Robert Napier, the CEO of WWF UK, said after Mrs Beckett's announcement: "In ministerial-speak, that sounds as if the Darwin Mounds will be the first special area of conservation in the UK." Later, he added: "It was unequivocal. We've got it on the record. But there is still Brussels to deal with."
Brussels agreement is needed under the European Union's common fisheries policy, but the UK government can take responsibility for protecting sites against the possible effects of gas, oil or other production. WWF claims that ever since the mounds were discovered in 1998, they have suffered damage from fishing gear and that offshore mineral mining is a potential threat.

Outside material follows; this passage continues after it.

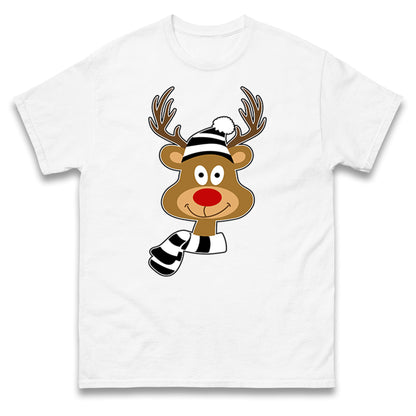 Grimsby Town Rudolph Christmas T Shirt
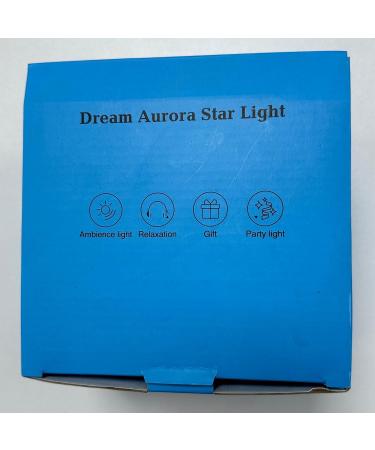 Mrooyi LED Starry Sky Projector with Bluetooth Speaker 3 in 1 Galaxy Projector for Kids & Adults | Remote Control 360 Rotating Aurora Light for Parties & Rooms Black - Buy Online on GoSupps.com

The meeting was held to give more than a dozen organisations the chance to express support for the "Edinburgh Declaration for Oceans Recovery". A long declaration -- deploring declining fish stocks, massive pollution and chronic mismanagement by almost everyone -- was summarised as: "We need an integrated oceans act."

That, it was claimed, was the only way of ending the "conflicting" domestic and European policies that are devastating the ocean environment. Mr Napier told the gathering: " What we have now are hundreds of pieces of legislation all over the place, with little cohesion and often in conflict.
"The time has come for all of us to demand, and take, an integrated approach. "Our agenda is for a healthy marine environment, both in the interests of nature and in the interests of people." Hamish Morrison, the CEO of the Scottish Fishermen's Federation, said his members supported ORCA -- the oceans recovery campaign -- but pointed out that fishermen were the only species being periodically culled.